→ Task to carry out: All of the records must come back exactly. Please repeat them in full.

Brief descriptive captions
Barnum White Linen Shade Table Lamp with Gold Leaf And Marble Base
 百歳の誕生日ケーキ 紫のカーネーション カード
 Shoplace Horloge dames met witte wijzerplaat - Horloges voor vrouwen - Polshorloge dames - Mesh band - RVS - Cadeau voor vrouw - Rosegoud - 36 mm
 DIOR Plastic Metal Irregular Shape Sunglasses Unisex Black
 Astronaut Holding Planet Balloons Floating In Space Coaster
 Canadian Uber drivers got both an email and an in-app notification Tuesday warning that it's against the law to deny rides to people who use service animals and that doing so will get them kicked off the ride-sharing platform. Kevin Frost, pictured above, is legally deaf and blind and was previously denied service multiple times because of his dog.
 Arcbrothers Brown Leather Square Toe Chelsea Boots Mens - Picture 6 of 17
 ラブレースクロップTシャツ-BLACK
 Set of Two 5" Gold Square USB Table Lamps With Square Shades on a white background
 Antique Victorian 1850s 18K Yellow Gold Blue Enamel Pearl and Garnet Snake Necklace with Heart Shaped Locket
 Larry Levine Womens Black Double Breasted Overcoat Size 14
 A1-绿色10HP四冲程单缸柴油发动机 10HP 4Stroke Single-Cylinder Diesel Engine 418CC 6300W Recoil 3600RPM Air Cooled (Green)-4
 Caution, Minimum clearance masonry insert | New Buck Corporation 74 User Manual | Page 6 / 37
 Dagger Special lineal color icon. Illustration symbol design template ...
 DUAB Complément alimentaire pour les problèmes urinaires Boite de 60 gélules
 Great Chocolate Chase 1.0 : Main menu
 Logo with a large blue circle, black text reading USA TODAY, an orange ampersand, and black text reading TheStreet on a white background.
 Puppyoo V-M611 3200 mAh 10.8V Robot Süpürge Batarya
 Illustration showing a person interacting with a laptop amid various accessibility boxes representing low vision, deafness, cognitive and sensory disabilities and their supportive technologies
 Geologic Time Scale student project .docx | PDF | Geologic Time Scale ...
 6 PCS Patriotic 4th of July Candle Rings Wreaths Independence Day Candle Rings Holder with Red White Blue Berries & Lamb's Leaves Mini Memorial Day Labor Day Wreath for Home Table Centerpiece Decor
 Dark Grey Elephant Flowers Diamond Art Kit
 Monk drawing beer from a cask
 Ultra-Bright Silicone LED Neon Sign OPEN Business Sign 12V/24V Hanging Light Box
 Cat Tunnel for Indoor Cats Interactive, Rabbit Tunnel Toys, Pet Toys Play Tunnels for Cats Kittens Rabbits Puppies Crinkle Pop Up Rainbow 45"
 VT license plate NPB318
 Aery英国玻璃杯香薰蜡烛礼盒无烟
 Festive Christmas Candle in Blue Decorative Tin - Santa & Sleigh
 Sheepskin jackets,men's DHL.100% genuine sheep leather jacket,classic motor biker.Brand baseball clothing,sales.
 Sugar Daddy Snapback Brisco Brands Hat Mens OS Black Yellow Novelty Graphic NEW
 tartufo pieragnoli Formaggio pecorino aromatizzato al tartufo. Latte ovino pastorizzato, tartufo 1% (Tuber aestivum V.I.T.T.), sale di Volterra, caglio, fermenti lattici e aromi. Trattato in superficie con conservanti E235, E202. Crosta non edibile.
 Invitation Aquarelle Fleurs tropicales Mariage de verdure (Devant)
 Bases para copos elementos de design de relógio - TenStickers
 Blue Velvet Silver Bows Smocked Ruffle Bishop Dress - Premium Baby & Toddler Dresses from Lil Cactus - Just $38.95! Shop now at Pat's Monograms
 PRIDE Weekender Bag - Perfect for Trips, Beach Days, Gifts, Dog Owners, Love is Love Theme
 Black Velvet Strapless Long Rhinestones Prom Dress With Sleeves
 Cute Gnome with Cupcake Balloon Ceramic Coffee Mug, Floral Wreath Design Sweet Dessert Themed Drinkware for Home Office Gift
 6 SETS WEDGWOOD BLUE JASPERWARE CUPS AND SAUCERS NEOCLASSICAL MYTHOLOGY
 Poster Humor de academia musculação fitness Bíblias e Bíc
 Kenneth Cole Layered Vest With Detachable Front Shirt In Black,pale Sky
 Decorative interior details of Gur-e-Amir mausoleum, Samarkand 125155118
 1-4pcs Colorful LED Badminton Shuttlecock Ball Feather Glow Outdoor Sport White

→ Written answer:
Barnum White Linen Shade Table Lamp with Gold Leaf And Marble Base
 百歳の誕生日ケーキ 紫のカーネーション カード
 Shoplace Horloge dames met witte wijzerplaat - Horloges voor vrouwen - Polshorloge dames - Mesh band - RVS - Cadeau voor vrouw - Rosegoud - 36 mm
 DIOR Plastic Metal Irregular Shape Sunglasses Unisex Black
 Astronaut Holding Planet Balloons Floating In Space Coaster
 Canadian Uber drivers got both an email and an in-app notification Tuesday warning that it's against the law to deny rides to people who use service animals and that doing so will get them kicked off the ride-sharing platform. Kevin Frost, pictured above, is legally deaf and blind and was previously denied service multiple times because of his dog.
 Arcbrothers Brown Leather Square Toe Chelsea Boots Mens - Picture 6 of 17
 ラブレースクロップTシャツ-BLACK
 Set of Two 5" Gold Square USB Table Lamps With Square Shades on a white background
 Antique Victorian 1850s 18K Yellow Gold Blue Enamel Pearl and Garnet Snake Necklace with Heart Shaped Locket
 Larry Levine Womens Black Double Breasted Overcoat Size 14
 A1-绿色10HP四冲程单缸柴油发动机 10HP 4Stroke Single-Cylinder Diesel Engine 418CC 6300W Recoil 3600RPM Air Cooled (Green)-4
 Caution, Minimum clearance masonry insert | New Buck Corporation 74 User Manual | Page 6 / 37
 Dagger Special lineal color icon. Illustration symbol design template ...
 DUAB Complément alimentaire pour les problèmes urinaires Boite de 60 gélules
 Great Chocolate Chase 1.0 : Main menu
 Logo with a large blue circle, black text reading USA TODAY, an orange ampersand, and black text reading TheStreet on a white background.
 Puppyoo V-M611 3200 mAh 10.8V Robot Süpürge Batarya
 Illustration showing a person interacting with a laptop amid various accessibility boxes representing low vision, deafness, cognitive and sensory disabilities and their supportive technologies
 Geologic Time Scale student project .docx | PDF | Geologic Time Scale ...
 6 PCS Patriotic 4th of July Candle Rings Wreaths Independence Day Candle Rings Holder with Red White Blue Berries & Lamb's Leaves Mini Memorial Day Labor Day Wreath for Home Table Centerpiece Decor
 Dark Grey Elephant Flowers Diamond Art Kit
 Monk drawing beer from a cask
 Ultra-Bright Silicone LED Neon Sign OPEN Business Sign 12V/24V Hanging Light Box
 Cat Tunnel for Indoor Cats Interactive, Rabbit Tunnel Toys, Pet Toys Play Tunnels for Cats Kittens Rabbits Puppies Crinkle Pop Up Rainbow 45"
 VT license plate NPB318
 Aery英国玻璃杯香薰蜡烛礼盒无烟
 Festive Christmas Candle in Blue Decorative Tin - Santa & Sleigh
 Sheepskin jackets,men's DHL.100% genuine sheep leather jacket,classic motor biker.Brand baseball clothing,sales.
 Sugar Daddy Snapback Brisco Brands Hat Mens OS Black Yellow Novelty Graphic NEW
 tartufo pieragnoli Formaggio pecorino aromatizzato al tartufo. Latte ovino pastorizzato, tartufo 1% (Tuber aestivum V.I.T.T.), sale di Volterra, caglio, fermenti lattici e aromi. Trattato in superficie con conservanti E235, E202. Crosta non edibile.
 Invitation Aquarelle Fleurs tropicales Mariage de verdure (Devant)
 Bases para copos elementos de design de relógio - TenStickers
 Blue Velvet Silver Bows Smocked Ruffle Bishop Dress - Premium Baby & Toddler Dresses from Lil Cactus - Just $38.95! Shop now at Pat's Monograms
 PRIDE Weekender Bag - Perfect for Trips, Beach Days, Gifts, Dog Owners, Love is Love Theme
 Black Velvet Strapless Long Rhinestones Prom Dress With Sleeves
 Cute Gnome with Cupcake Balloon Ceramic Coffee Mug, Floral Wreath Design Sweet Dessert Themed Drinkware for Home Office Gift
 6 SETS WEDGWOOD BLUE JASPERWARE CUPS AND SAUCERS NEOCLASSICAL MYTHOLOGY
 Poster Humor de academia musculação fitness Bíblias e Bíc
 Kenneth Cole Layered Vest With Detachable Front Shirt In Black,pale Sky
 Decorative interior details of Gur-e-Amir mausoleum, Samarkand 125155118
 1-4pcs Colorful LED Badminton Shuttlecock Ball Feather Glow Outdoor Sport White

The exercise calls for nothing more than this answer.